Cashing in on Commodities: What's Driving the Oil Bull, How Much Further It Will Go, and How Investors Can Profit

Editor's Note: This is the second installment of a new Money Morning series highlighting investment opportunities created by the global bull market in commodities.

By Jason Simpkins
Associate Editor

Exactly 12 months ago, West Texas Intermediate crude oil was trading at just under $63 a barrel.

Yesterday (Thursday) futures prices for that benchmark grade of crude oil hit the latest in a succession of record highs, punching through the $135-a-barrel mark on the New York Mercantile Exchange, before sliding back.

In other words, in only a single year, crude-oil prices have more than doubled, soaring 115% - and setting 27 separate new records along the way. And while a short-term correction may be in the offing - especially with fears of a U.S. recession ebbing - the reality is that oil prices are nowhere near the end of their run, meaning the United States is really an economic system that's at the crossroads.

"The market is less worried about the economy and subprime problems," Tim Speiss, head of the wealth-management arm of Eisner LLP, told "But that's near-sighted. If oil stays above $130 a barrel, that's a very significant event and a lot of the sectors of the economy would have to be re-engineered."

Commodities of all types are at or near all-time record highs. And the impact - on a global basis - has been as startling as it is far-reaching, affecting consumers at all income levels and in every market across the world.

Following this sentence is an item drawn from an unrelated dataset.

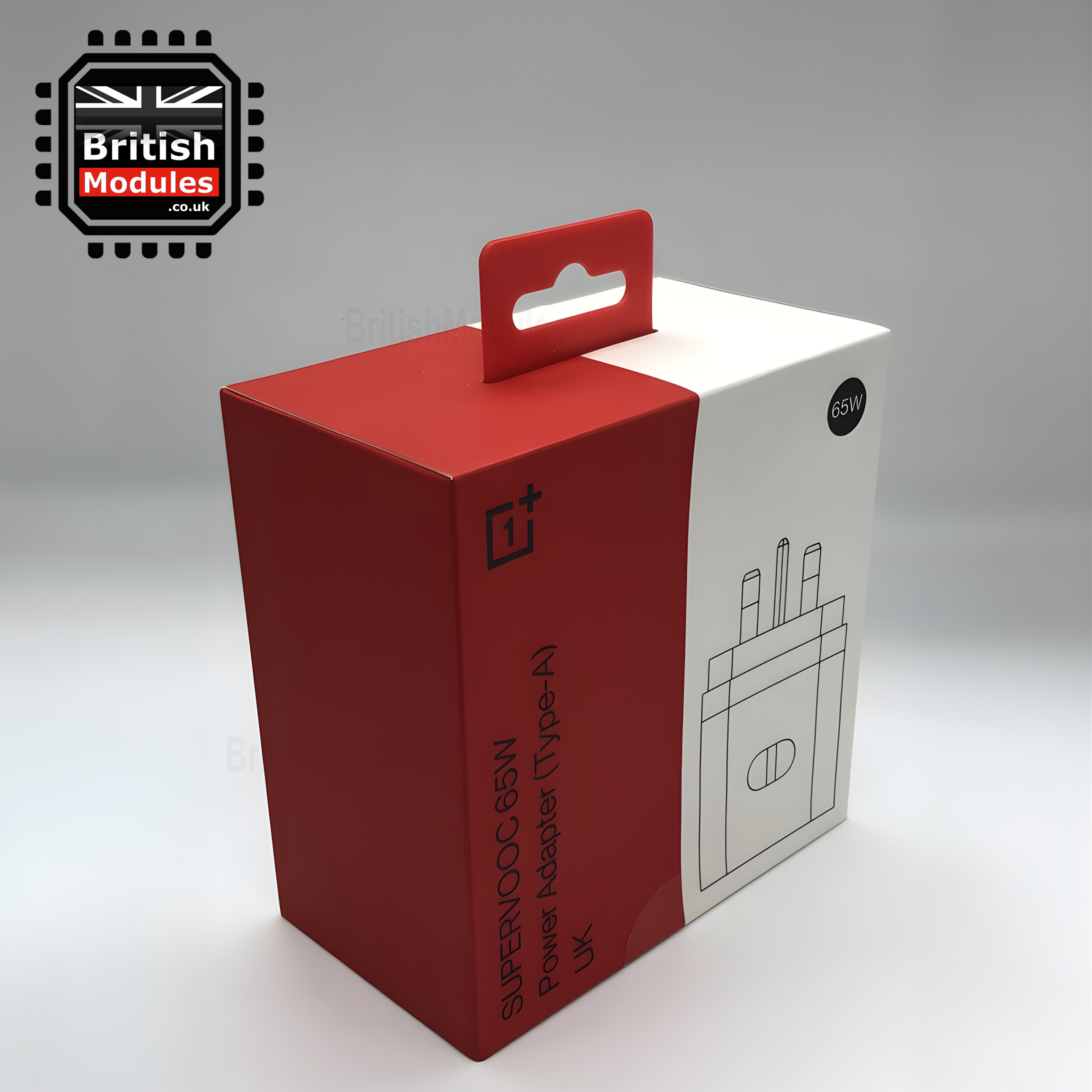 OnePlus SUPERVOOC 65W Type-A Adapter 3 Pin UK Charger Plug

Even so, here in the U.S. market, it's the price of oil - and of gasoline - that continues to dominate the headlines. Like a junk-food junkie who's constantly searching for a sugar fix, the U.S. economy is addicted to foreign oil. And because it's not a habit we're going to kick anytime soon, U.S. consumers will be forced to live with the heinous consequences.

Given that harsh reality, shrewd investors will look for ways to offset that largely unavoidable pain with some well-placed profit plays. Before we can do that, however, a look at the basics is necessary.

Oil Prices 101

Since 2005, global oil production has remained stagnant, but demand has increased exponentially. Even if American consumers are unwilling to pay $4 a gallon for gasoline, and U.S. demand plummets, global demand will continue to rise.

Eduardo Lopez, an analyst with the International Energy Agency, told The Independent that America's role as the global oil-price arbiter - the United States consumes one out of every four barrels of oil used worldwide - is dwindling.

"Demand is coming from emerging markets. As long as the [United States] doesn't collapse, it doesn't really matter if the mature economies are slowing," Lopez said.

While the IEA expects demand in industrialized countries to decline by 0.7% (about 300,000 barrels of oil per day) this year, the Paris-based group says oil consumption in the rest of the world will grow by 3.7% (1.4 million barrels a day).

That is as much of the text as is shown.